(Data excerpts)
▬▬▬▬▬▬▬▬▬▬

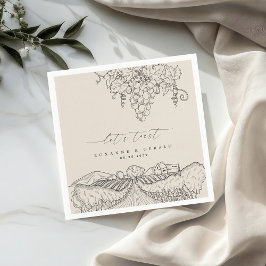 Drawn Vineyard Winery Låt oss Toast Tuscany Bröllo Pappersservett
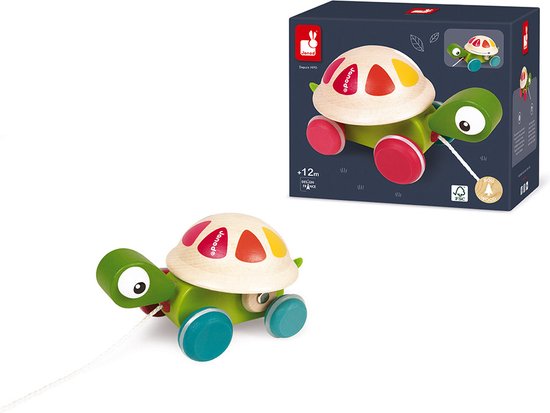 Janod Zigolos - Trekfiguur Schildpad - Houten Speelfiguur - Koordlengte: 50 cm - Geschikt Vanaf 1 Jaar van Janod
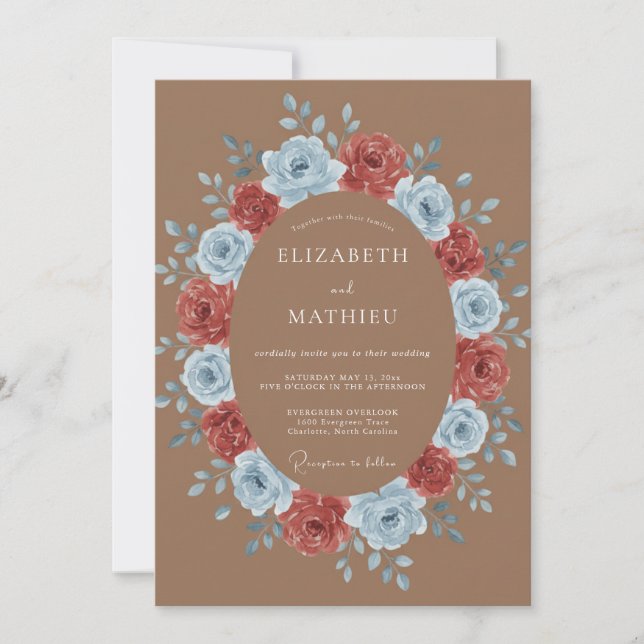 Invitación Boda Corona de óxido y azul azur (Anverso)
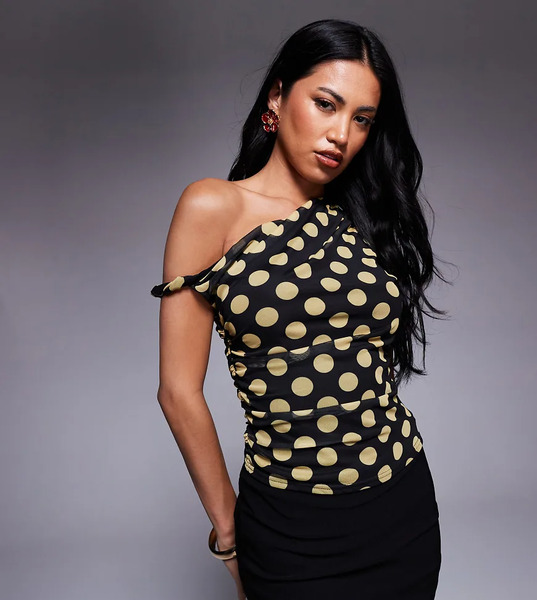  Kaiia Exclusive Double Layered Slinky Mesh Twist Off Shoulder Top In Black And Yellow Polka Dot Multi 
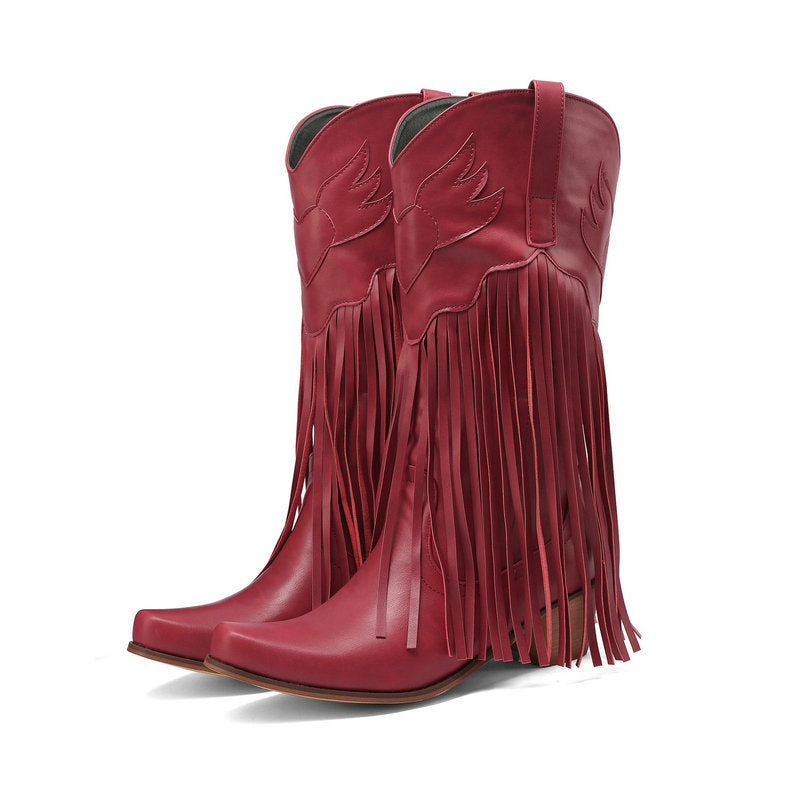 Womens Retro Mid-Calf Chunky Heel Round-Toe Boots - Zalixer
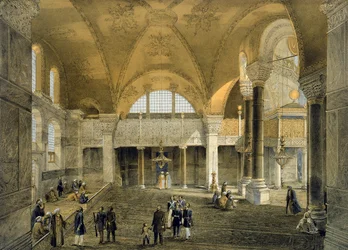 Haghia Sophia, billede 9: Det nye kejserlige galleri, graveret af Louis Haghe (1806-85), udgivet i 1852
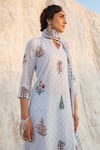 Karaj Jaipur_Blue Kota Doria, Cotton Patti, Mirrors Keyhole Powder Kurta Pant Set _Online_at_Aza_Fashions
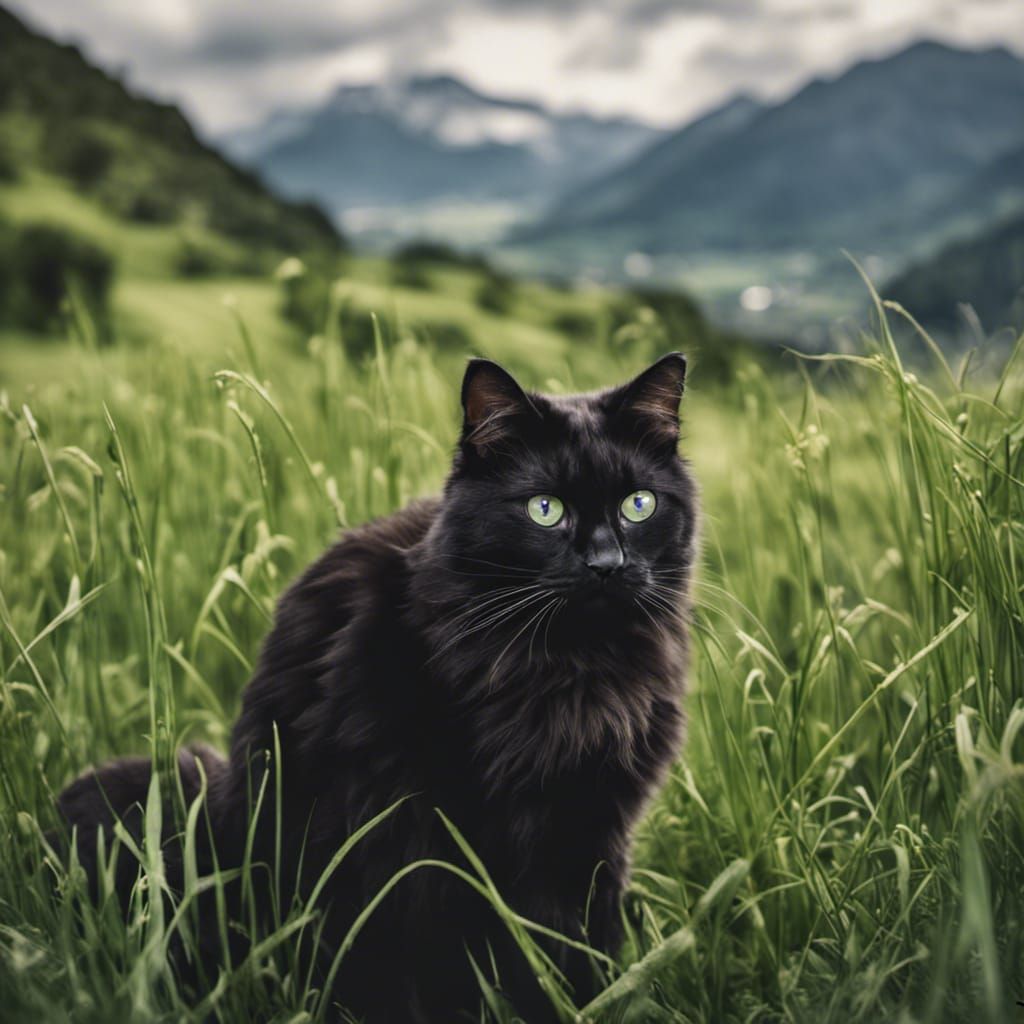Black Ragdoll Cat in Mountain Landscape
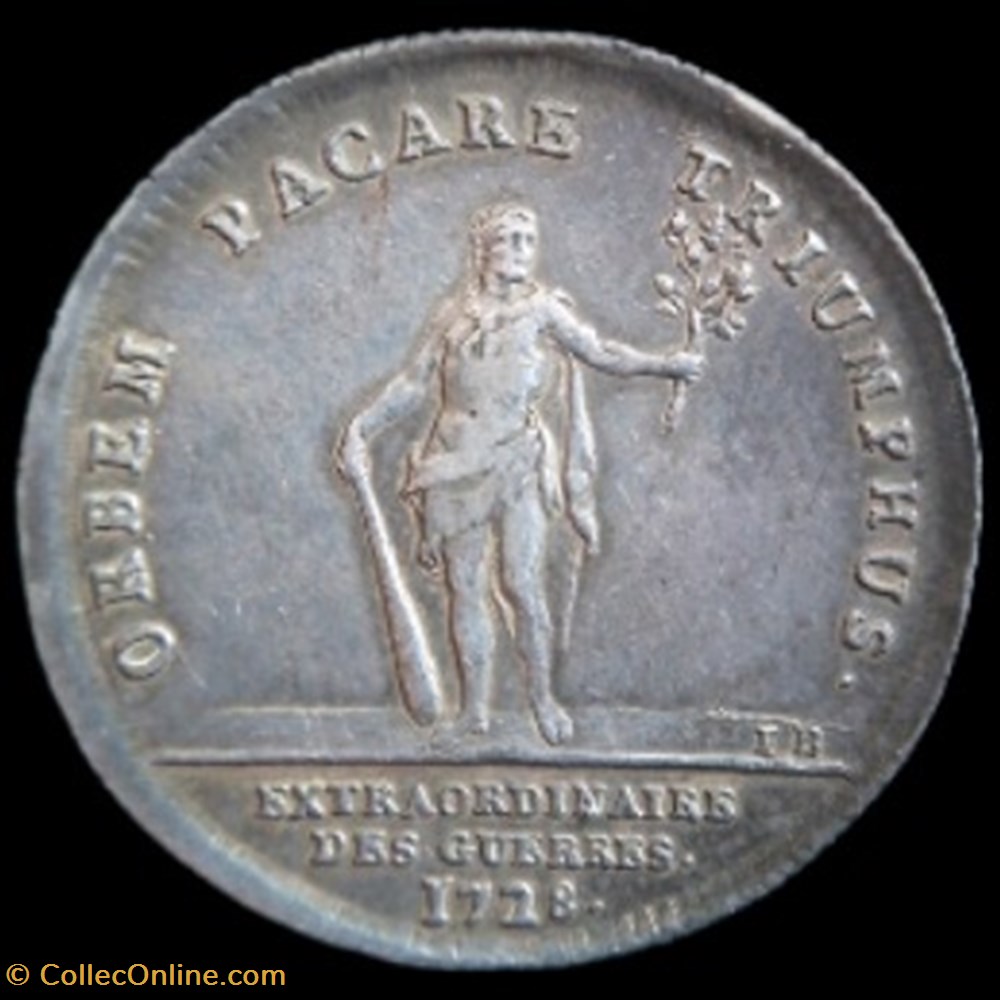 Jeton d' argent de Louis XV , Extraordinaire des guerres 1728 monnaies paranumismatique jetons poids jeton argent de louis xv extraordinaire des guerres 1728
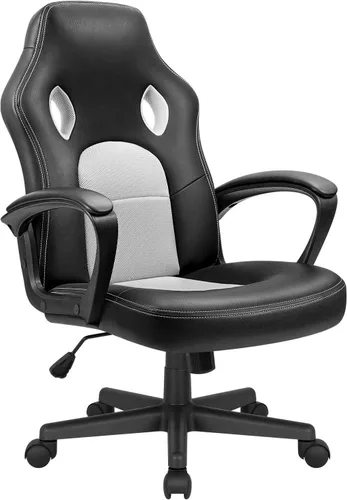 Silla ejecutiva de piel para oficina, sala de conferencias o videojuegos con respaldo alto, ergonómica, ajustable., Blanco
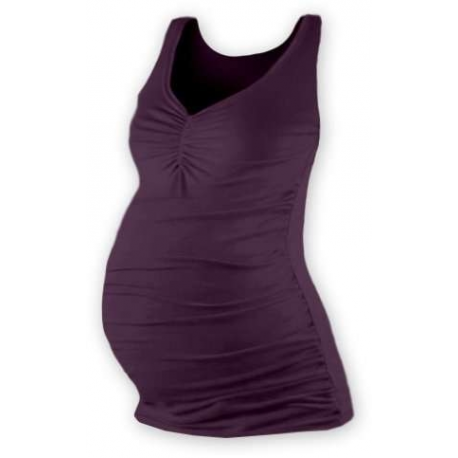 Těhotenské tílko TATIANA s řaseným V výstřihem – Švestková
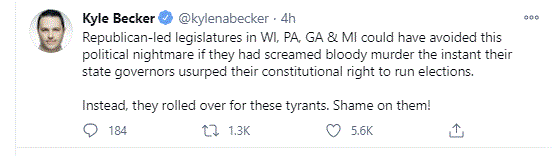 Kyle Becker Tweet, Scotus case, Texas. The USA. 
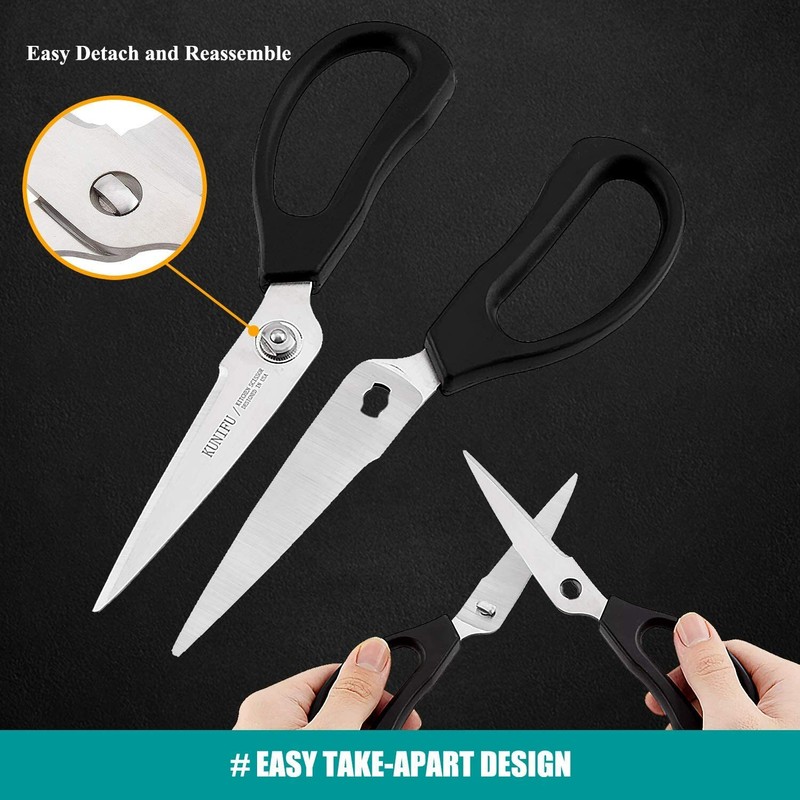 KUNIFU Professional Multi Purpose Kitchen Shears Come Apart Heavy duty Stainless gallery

▬▬▬▬▬▬▬▬▬▬

▶ **PROBLEM DESCRIPTION**
Your copy should run from the line that has "Těhotenské tílko TATIANA" through the last line above, exactly, with both ends in and pictures out.

▶ **ANSWER TO THIS EXERCISE**
 Těhotenské tílko TATIANA s řaseným V výstřihem – Švestková
 Kyle Becker Tweet, Scotus case, Texas. The USA. 
 KUNIFU Professional Multi Purpose Kitchen Shears Come Apart Heavy duty Stainless gallery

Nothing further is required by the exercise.